To get buy-in from key stakeholders across the organization, you need them to agree on achievable reliability targets, considering business priorities and the projects they wish to undertake. In this section, we will examine what matters to end users, developers, and operations engineers, and how we should consider their goals and priorities when setting SLOs.

End Users

Regardless of the product, end users expect a certain quality of service. They want the application to be accessible at any given time, load quickly, and return correct data. While you can use support tickets or incident pages to gauge customer dissatisfaction, you should not rely solely on them for making product decisions because they do not fully capture the end-user experience. For example, resolving all trouble tickets does not necessarily mean you have met the service level expected by your end users.

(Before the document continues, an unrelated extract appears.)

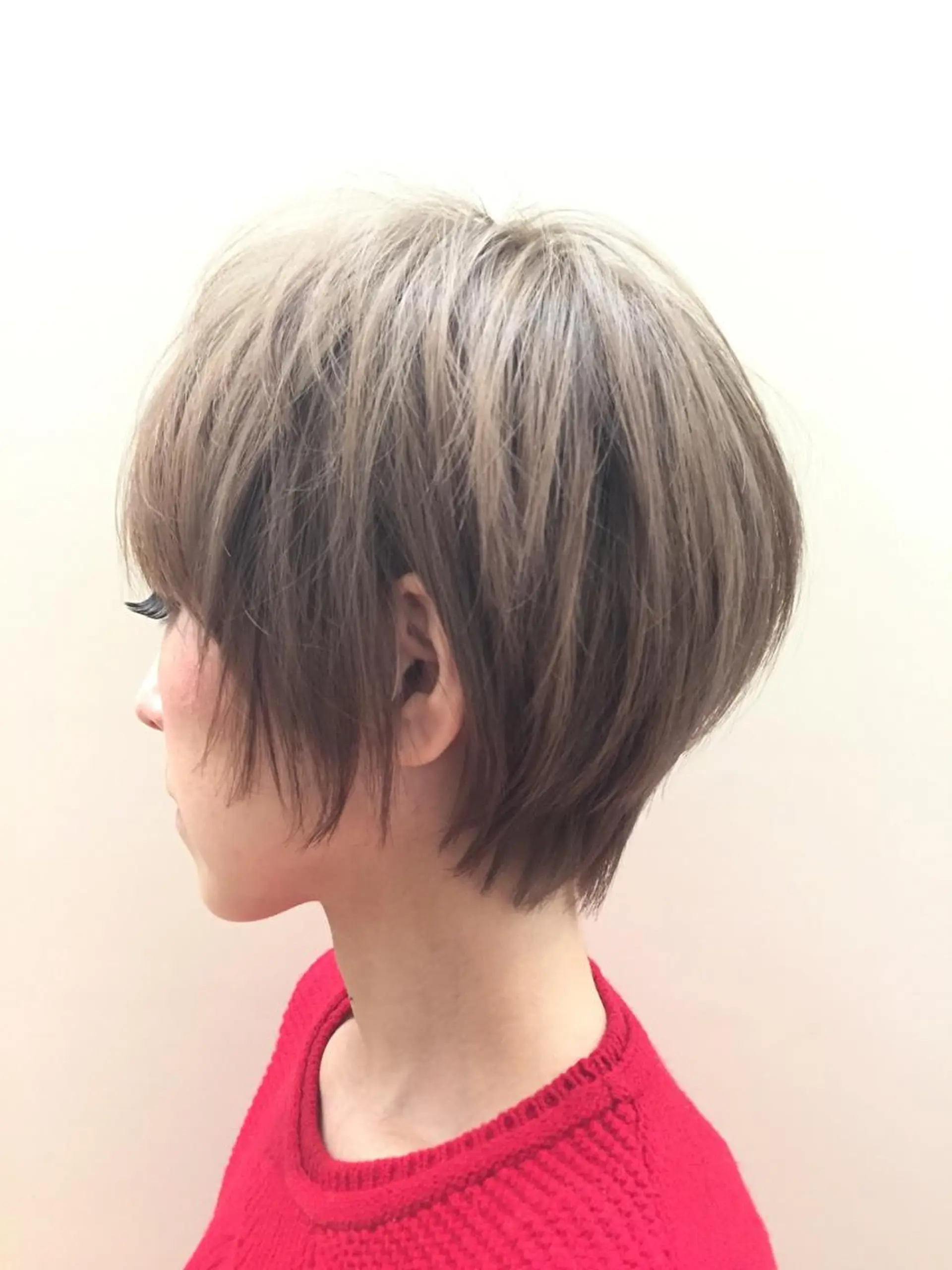 ショート カラー ブリーチ グレージュ ハイトーンカラー 髪質改善満足度NO1 山下のヘアスタイル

Achieving 100% reliability at all times is practically impossible. SLOs help you find the right balance between product innovation (which adds more value to your end users but risks disruption) and reliability (which keeps these users satisfied). Your error budget determines the extent of unreliability that development work can afford before your end users encounter a decline in service quality.

Developers and Operations Engineers

Traditionally, developers and operations engineers have been at odds due to their opposing goals and responsibilities: developers aim to add more functionality to their services, while operations engineers are responsible for maintaining the stability of these services. SLOs not only drive positive business outcomes but also foster a cultural shift where both development and operations teams share a common sense of responsibility for their application's reliability.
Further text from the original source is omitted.